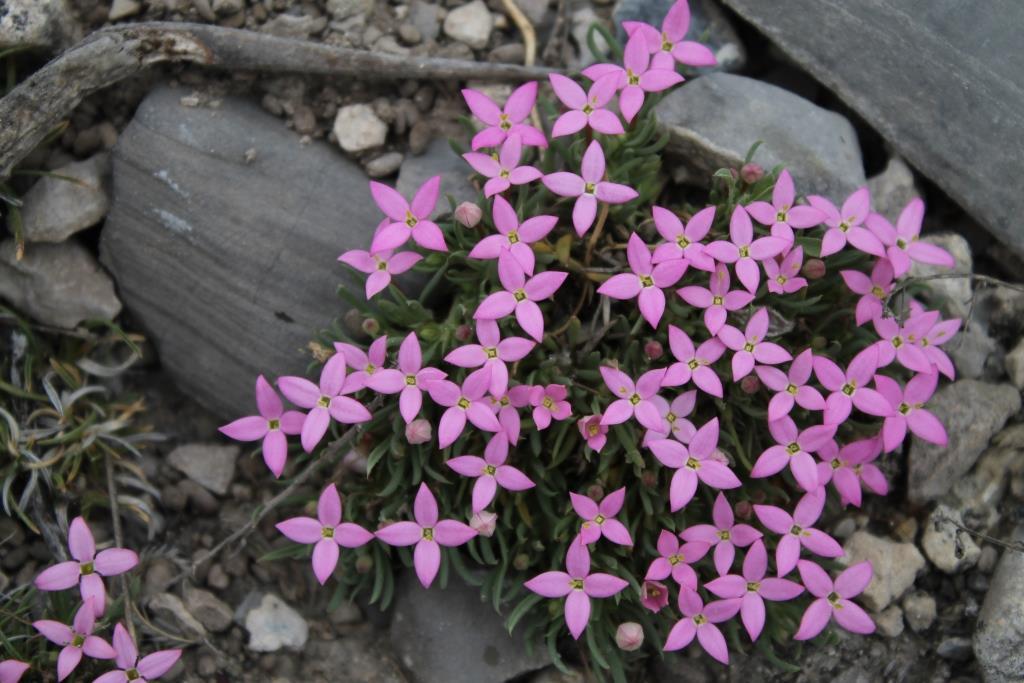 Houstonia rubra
==
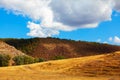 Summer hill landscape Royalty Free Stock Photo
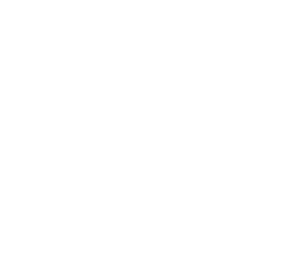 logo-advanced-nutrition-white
* * *
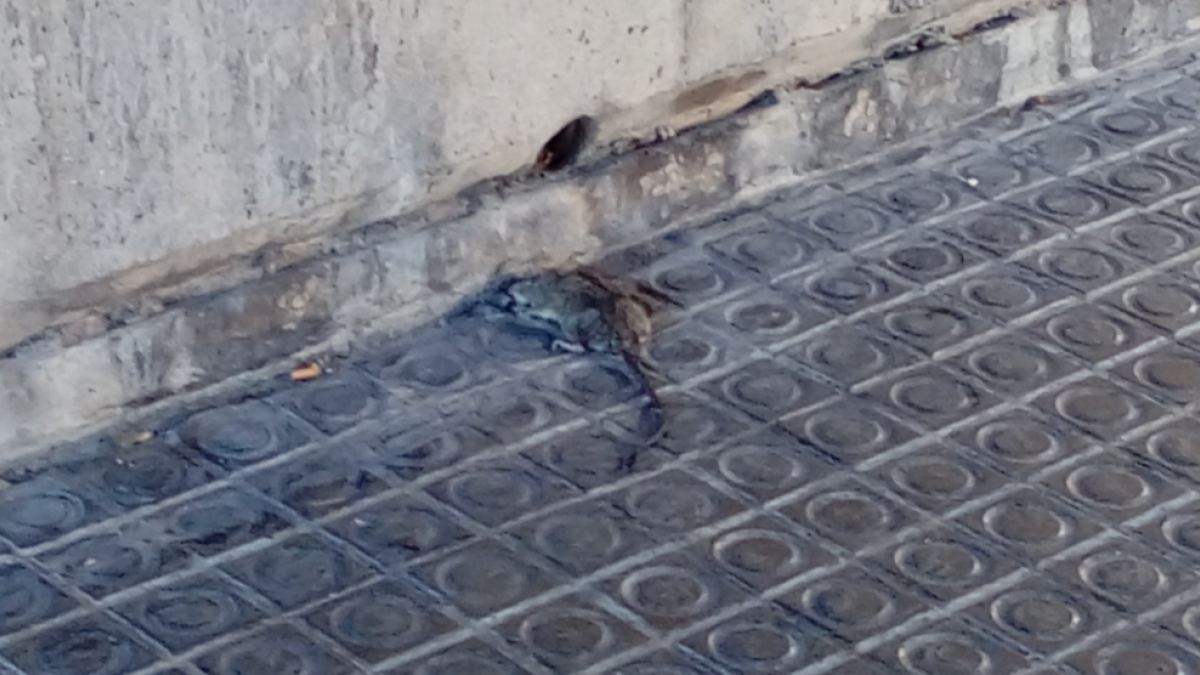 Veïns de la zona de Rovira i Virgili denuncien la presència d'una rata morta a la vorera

- _Your task_
Taking the records above, print only and exactly the lines from the line with "Summer hill landscape" to the line with "logo-advanced-nutrition-white", both kept, and exclude pictures.

- _Reply_
 Summer hill landscape Royalty Free Stock Photo
 logo-advanced-nutrition-white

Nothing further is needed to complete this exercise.